Mit der Kombination aus einem Blockheizkraftwerk (BHKW) von Würz und dem  Data Center Container der Schwesterfirma Rittal bieten die Unternehmen erstmals eine völlig autarke Anlage an, die überall eingesetzt werden kann. Die beiden Unternehmen der Friedhelm Loh Group sind die ersten Anbieter, die ein von vorhandener Infrastruktur unabhängiges Rechenzentrum aus einer Hand im Angebot haben. Das BHKW erzeugt umweltfreundlichen Strom, der direkt ins angeschlossene Rechenzentrum gespeist wird. Dabei ist die Kombination aus Container-Rechenzentrum und BHKW aus zwei Gründen besonders vorteilhaft. Erstens unterliegt der Einsatz eines BHKW zur Stromerzeugung der staatlichen Förderung. Zweitens nutzt Rittal die Abwärme des Kraftwerks, um die IT-Geräte zu kühlen.

Das Brennstoffzellensystem RiCell Flex von Rittal ist für den Hermes Award 2010 nominiert worden.

 

 

 

 

 

 

 

 

 

 

 

 

 

 

 

Blockheizkraftwerk der Firma Würz

der nano Truck

Unter dem Motto "Hightech aus dem Nanokosmos" machte der neu konzipierte nano Truck die rasanten Entwicklungen dieser Zukunftstechnologie unmittelbar erlebbar.An jedem der fünf Messetage stand im nanoTruck ein anderes Anwendungsfeld im Rampenlicht: Die Fahrzeugtechnik ebenso wie Produktinnovationen im Sport- und Freizeitbereich, ressourcensparende Energiegewinnung, nanotechnische Verfahren im Umweltschutz und beeindruckende Fortschritte in der Nano-Medizin.

 

 

Die massiven Behinderungen im internationalen Luftverkehr zeigten Folgen bei Ausstellern und Besuchern. Auf Grund der Flugverbote war es allerdings für rund 300 Aussteller unmöglich, ihre Stände noch rechtzeitig zu besetzen.
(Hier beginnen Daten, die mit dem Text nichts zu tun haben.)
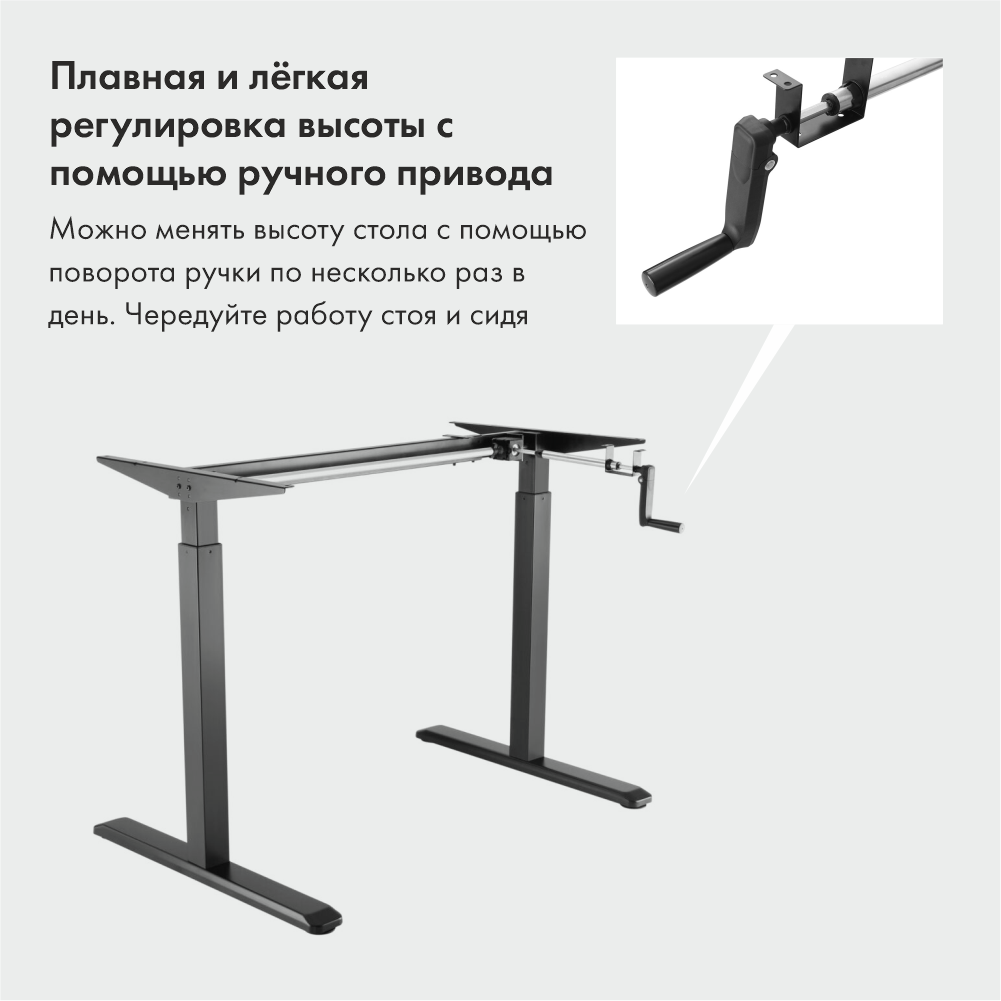 Высокий стол с регулировкой высоты с помощью ручного привода EasyLife 120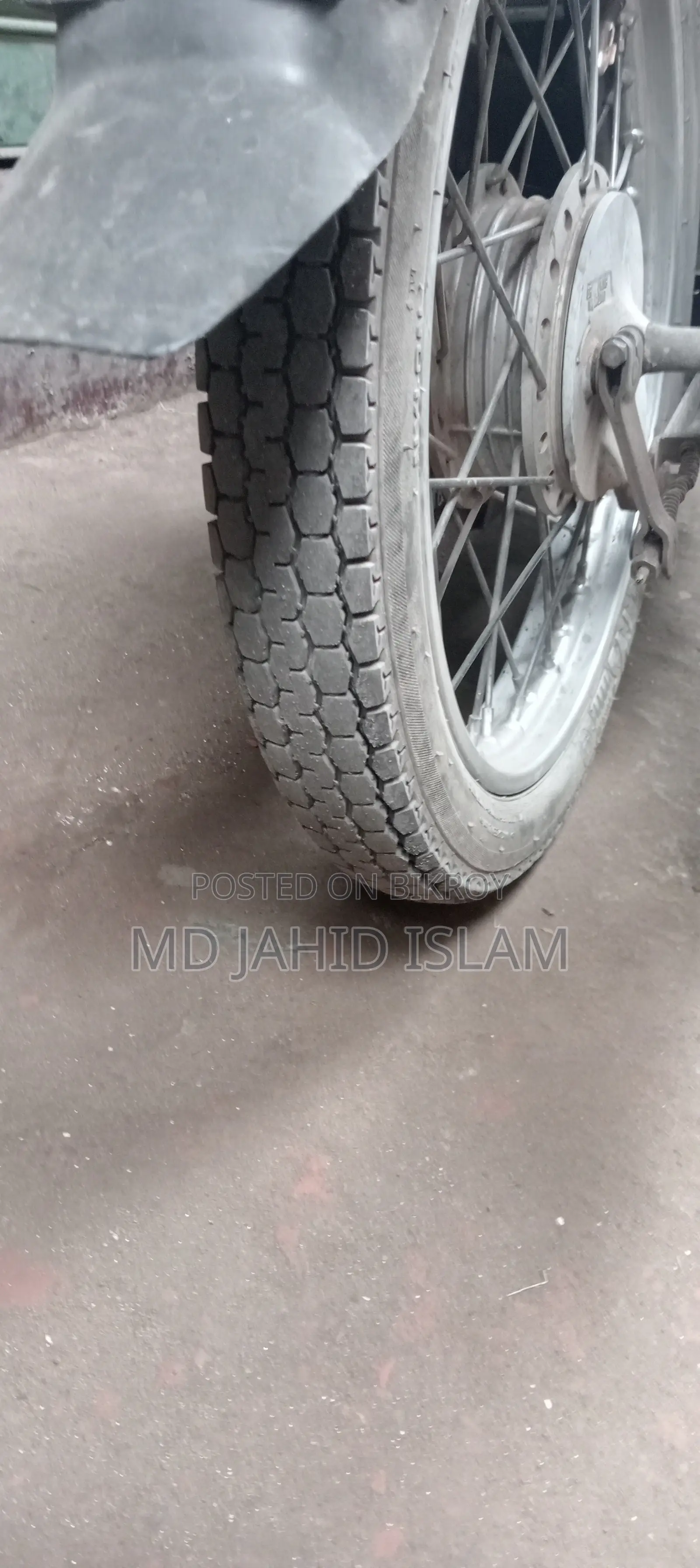 টিভিএস এক্সএল ১০০ আই-টাচ ২০২২ ব্লু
Vor allem Aussteller aus Asien und Amerika konnten nicht nach Hannover reisen. Das weltweite Flugchaos über Europa wirkte sich auch auf die Besucherzahlen aus.

Die Zahl der Besucher aus dem Ausland ist deshalb um etwa die Hälfte gesunken. Deutlich spürbar waren auch die Rückgänge bei den Besuchern aus Übersee, hier insbesondere aus Asien und Nordamerika.

Die Asche-Wolke hatte den internationalen Flugverkehr lahmgelegt - aber nicht die HANNOVER MESSE.